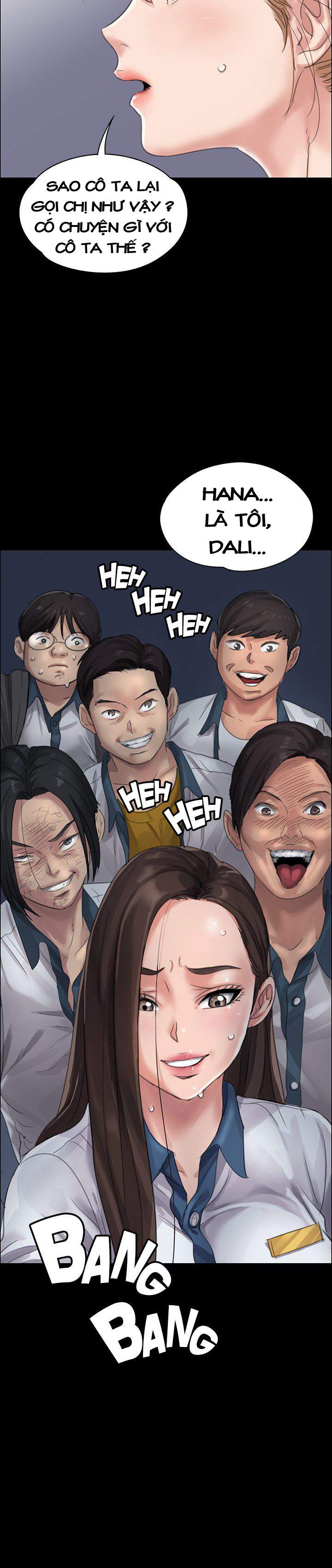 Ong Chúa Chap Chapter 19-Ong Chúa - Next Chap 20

---

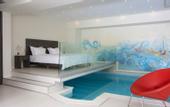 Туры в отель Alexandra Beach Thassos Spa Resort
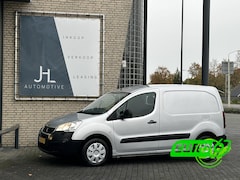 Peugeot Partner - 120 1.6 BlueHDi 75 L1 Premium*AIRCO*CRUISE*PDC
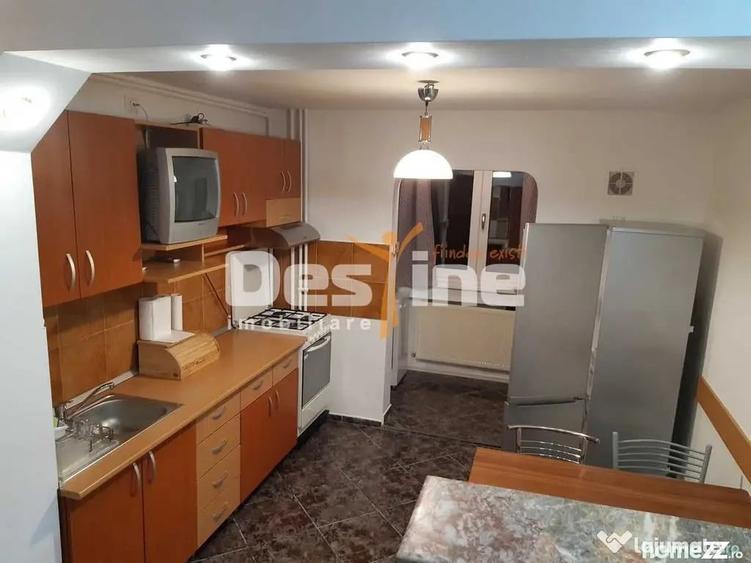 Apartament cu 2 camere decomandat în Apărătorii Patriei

---

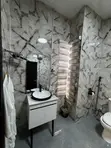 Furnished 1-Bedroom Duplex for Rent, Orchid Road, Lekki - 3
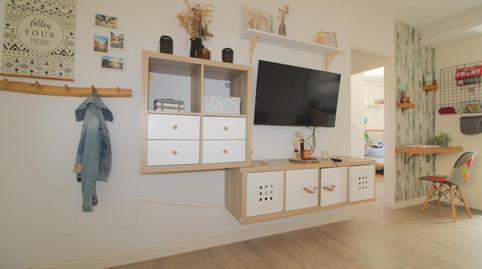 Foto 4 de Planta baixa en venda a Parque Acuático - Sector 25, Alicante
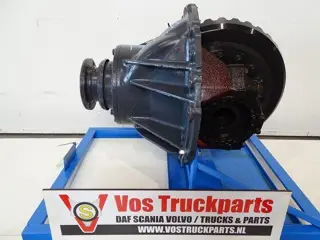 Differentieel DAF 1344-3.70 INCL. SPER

ASSIGNMENT –
All that should appear in the answer is the lines above from the line with "Туры в отель" through the line with "Apartament cu 2", retyped exactly, pictures left out.

EXERCISE RESPONSE –
 Туры в отель Alexandra Beach Thassos Spa Resort
 Peugeot Partner - 120 1.6 BlueHDi 75 L1 Premium*AIRCO*CRUISE*PDC
 Apartament cu 2 camere decomandat în Apărătorii Patriei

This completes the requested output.